Working with Swedish Letters in PHP and MySQL

A user made a request to include Swedish letters in my A-Z Directory module for Joomla. A quick check on Wikipedia showed the Swedish alphabet consisted of the “modern 26-letter basic Latin alphabet (‘A’ through ‘Z’) plus, ‘Å’, ‘Ä’, and ‘Ö’, in that order.”

Displaying Swedish Letters in PHP

To generate the 26-letter alphabet, I used range('A', 'Z'), but simply adding on the three additional characters to that array either gave me weird ♦ characters or did not display them at all.

I struggled for hours with iconv, mb_convert_encoding, and all manner of encoding, decoding, and converting, but nothing worked in getting the characters to display properly using PHP while at the same time matching those characters against values stored in Joomla’s #__contact_details MySQL database table.

I had a breakthrough when instead of merging the characters themselves to the array, I merged their HTML entities to the array. But, before I could do that, I ran my English and Swedish characters through html_entity_decode to make sure they were decoded consistently.

$english = range("A", "Z");
$swedish = array("Å", "Ä", "Ö");
array_walk($english, "_azDecode");
array_walk($swedish, "_azDecode");
$alphabet = array_merge($english, $swedish);

The _azDecode function follows:

function _azDecode(&$item){
$item = html_entity_decode($item, ENT_NOQUOTES, "UTF-8");
return $item;
}

MySQL Collation

The critical piece to Wikipedia’s description of the Swedish alphabet is “in that order”. This turned out to be more problematic than I anticipated. The output from the database was sorting the Swedish letters as ‘Ä’, ‘Å’, and ‘Ö’. And more troubling was that the output was not differentiating between names that ended with ‘Å’ and ‘Ä’. Again, I struggled for hours with setlocale, strcmp, and strcoll, but to no avail. After reconstructing my SQL statement in phpMyAdmin, I realized it had nothing to do with PHP — PHP was faithfully interpreting the results of the query.
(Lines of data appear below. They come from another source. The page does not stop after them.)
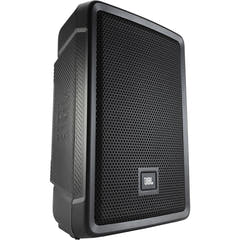 JBL IRX 108 BT - Enceinte PA Active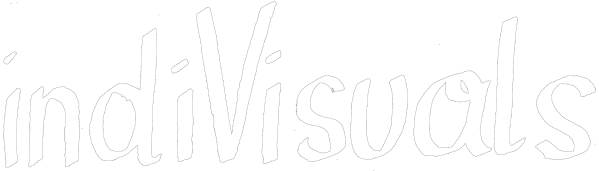 indivisuals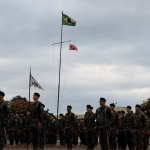 Foto: Marcos de Lima / WH Comunicações 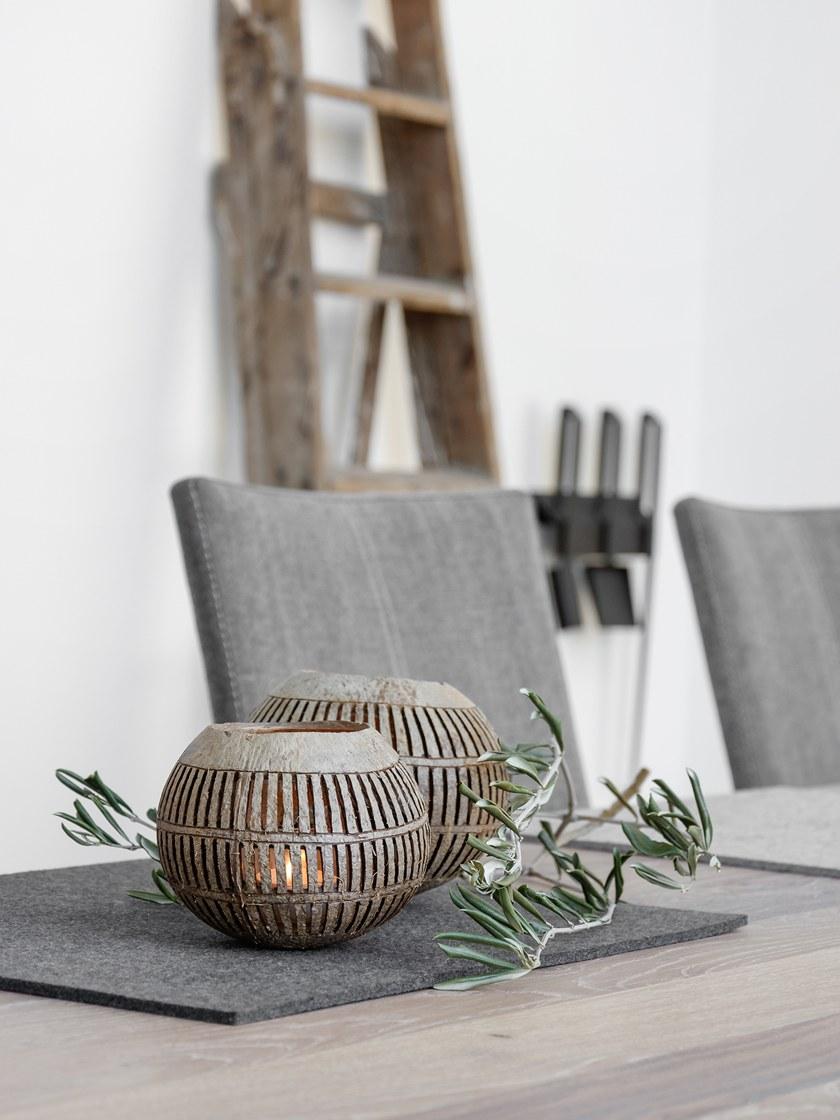 HEY-SIGN Прямоугольная подставка под стол sun-id-1423251 - Вид №5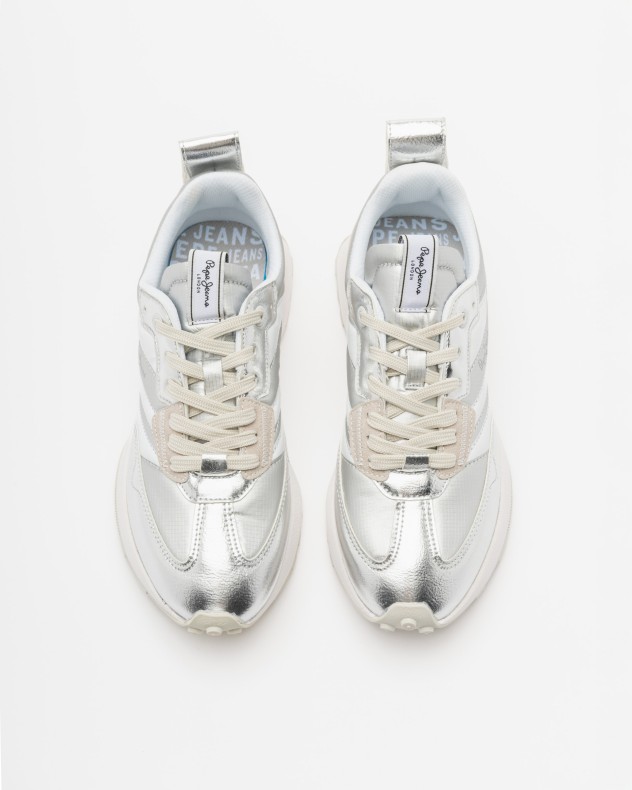 Pepe Jeans London Sneakers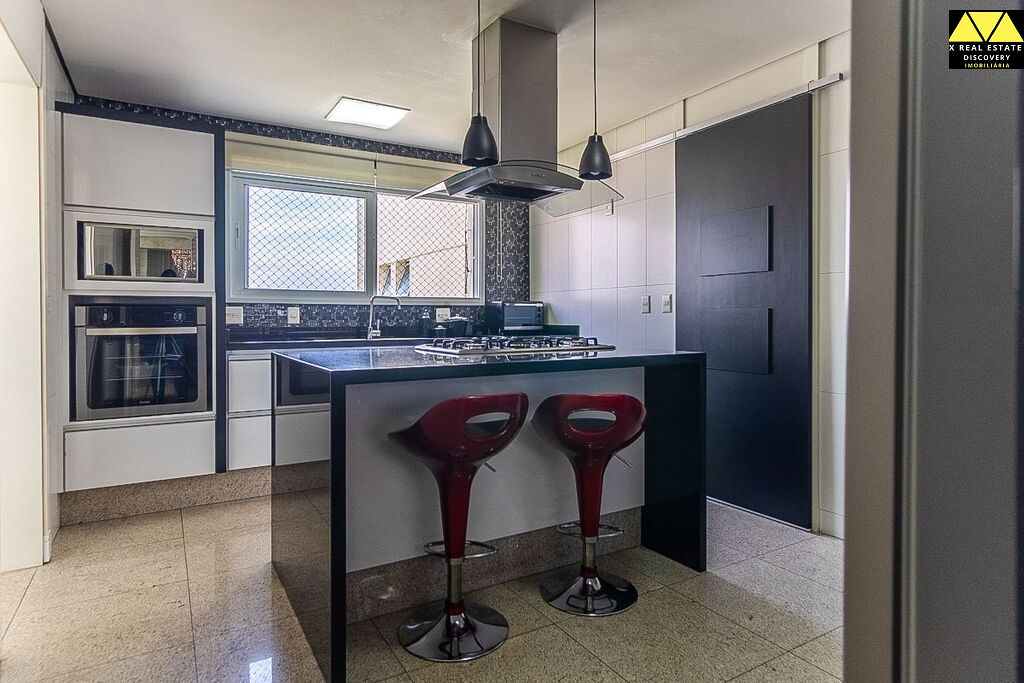 Apartamento, 4 quartos, 355 m² - Foto 51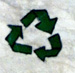MCC Recycles 10 Tons of Paper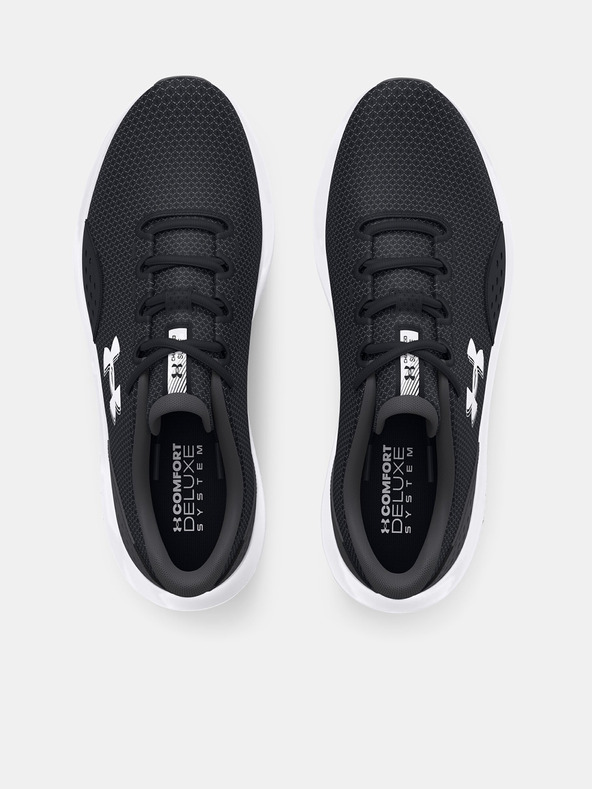 Under Armour Under Armour UA Charged Surge 4 muške cipele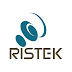 Kementerian Riset dan Teknologi Logo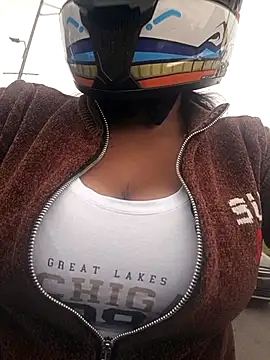 luluboobs9 online show from 02-03-26, 01:38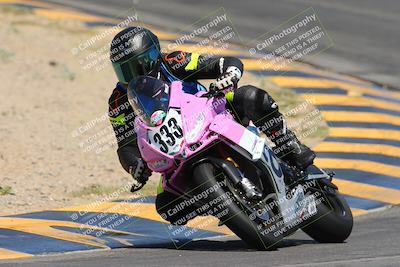 media/Apr-13-2024-SoCal Trackdays (Sat) [[f1617382bd]]/6-Turn 10 (11am)/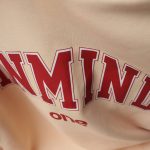 Damen Slim-Fit Fleece-Hoodie - 1INMIND - 02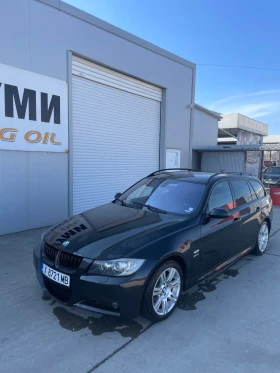 BMW 330 | Mobile.bg    2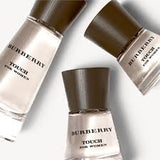 Burberry Touch For Women EDP 巴寶莉接觸女士香水 50ml/100ml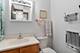 7830 W North Unit 710, Elmwood Park, IL 60707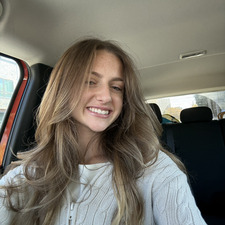 Sofia Mamakos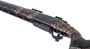 Picture of Seekins Precision Havak PH3 Bolt-Action Rifle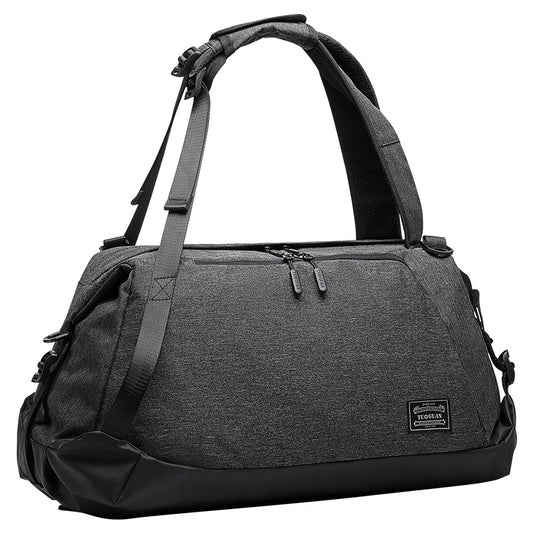 Bolsa de Gimnasio Multifuncional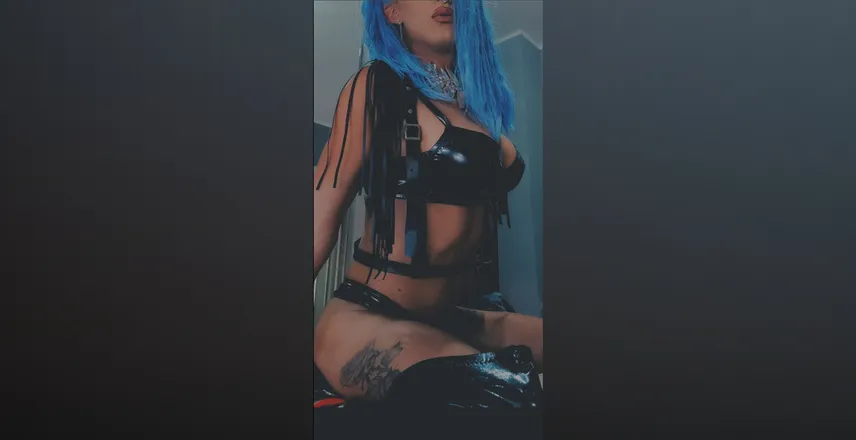 OnlyFans cuenta valenciagah93 header 2
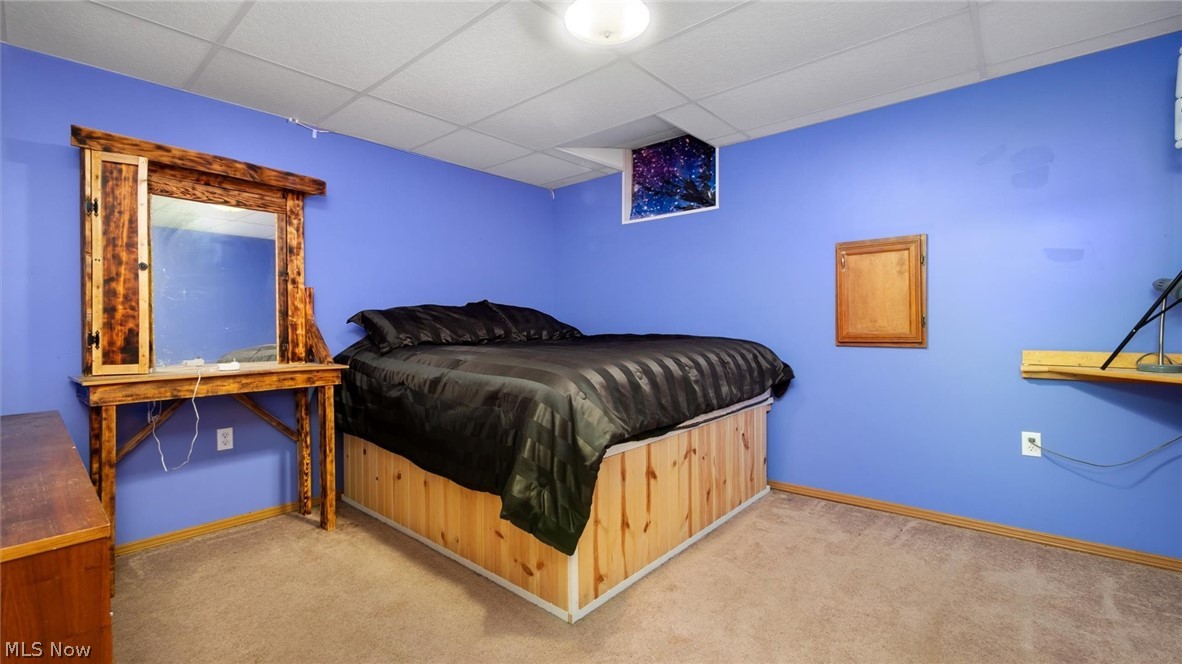 4780 Huggins Road Zanesville OH 43701
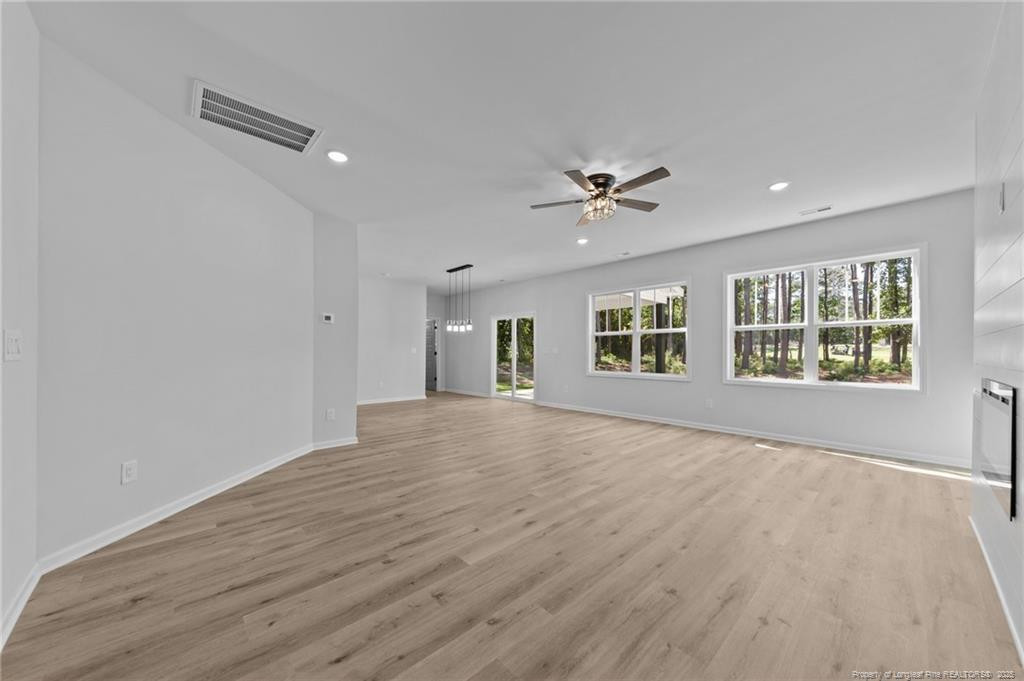 15880 Fox Lane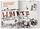 History of Press Graphics. 1819–1921 | Weiß, thumbnail 4 of 4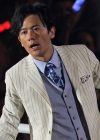 稲垣吾郎MCの『ほんとにあった怖い話　夏の特別編2017』にNEWS手越祐也登場！　8月19日（土）ジャニーズアイドル出演情報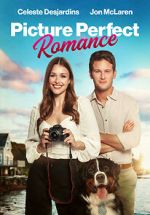 Watch Picture Perfect Romance Watch123movies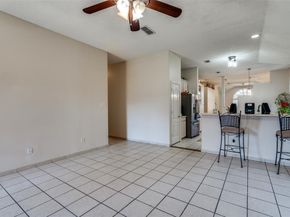 9120  River Trails Boulevard , Fort Worth Texas 76118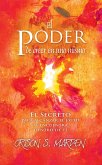 El poder de creer en uno mismo (eBook, ePUB) El poder de creer en uno mismo (eBook, ePUB)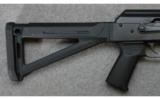Century Arms, Model RAS47 Black, 7.62X39 MM - 5 of 7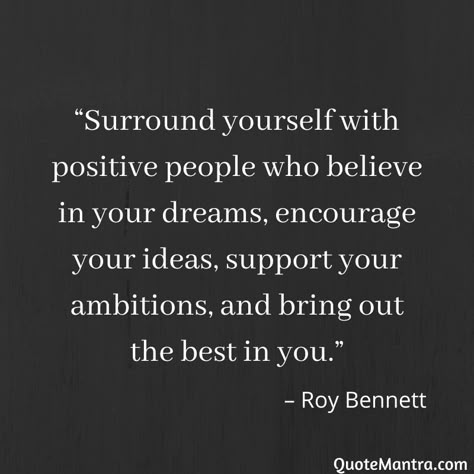 Inspirational People Quotes, Encourage People Quotes, Bring Yourself Back Quote, People Who Encourage You Quotes, People Who Motivate You Quote, The Best You Can Quotes, Sayings About Respect People, Never Support Me Quotes, Bring The Best Out Of You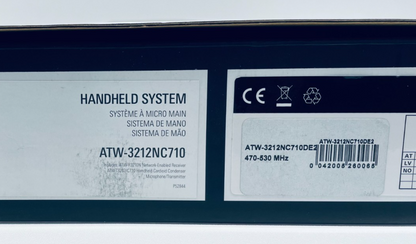 46845300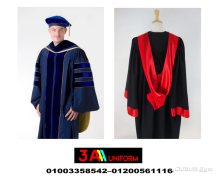 صور لزي التخرج اشكال ارواب التخرج01003358542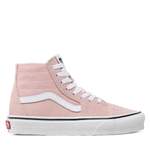 Sneakers Vans der Marke Vans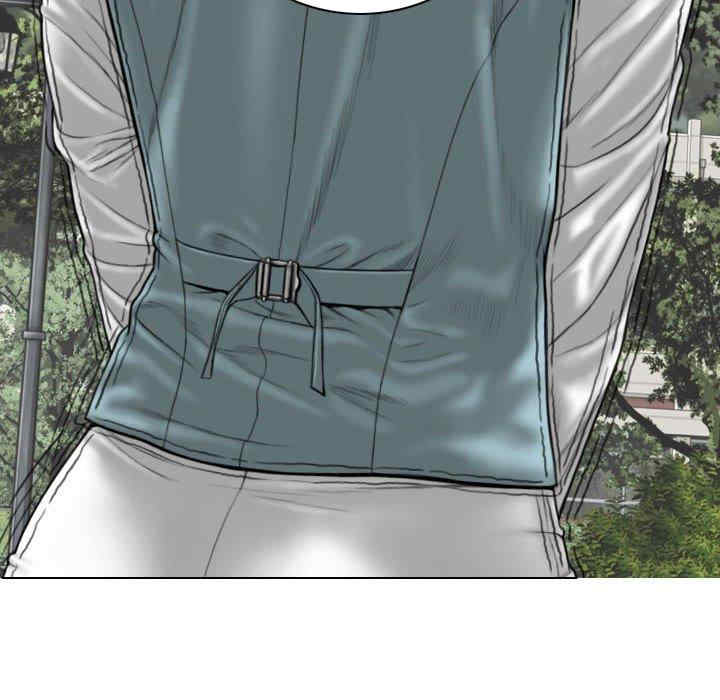 第100张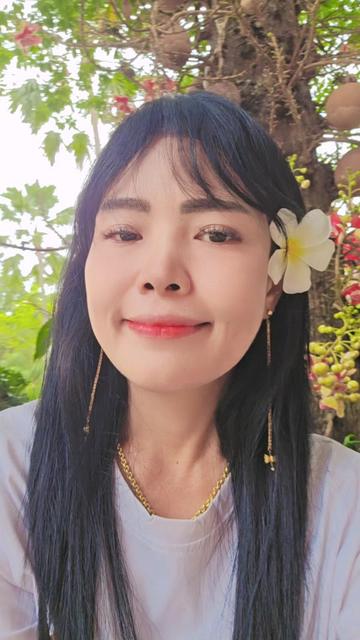 @မမပဲခူးသူ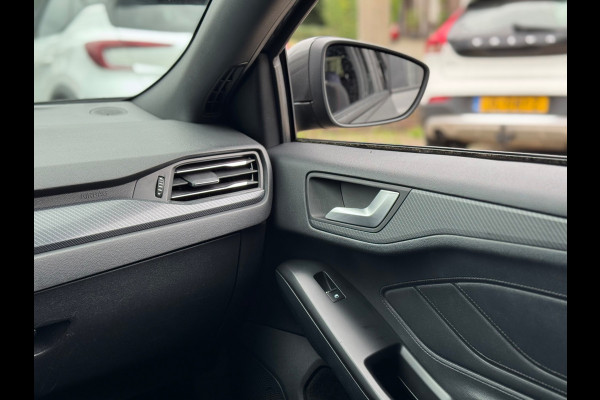 Ford FOCUS Wagon 1.0 EcoBoost ST Line 2019 NAVI CLIMA NAP!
It was here that I stumbled across MySQL’s COLLATE clause. I couldn’t change the collation of the database table, but as stated in the MySQL reference manual, “with the COLLATE clause, you can override whatever the default collation is for a comparison.” MySQL’s COLLATE clause can be used with ORDER BY and AS in addition to various other parts of SQL statements.

With that information, I was able to successfully order the results based on the first letter of the contact’s last name within the context of Joomla’s database API.

$query->order("SUBSTRING_INDEX(" . $db->quoteName('name') . ", ' ', -1) COLLATE utf8_swedish_ci");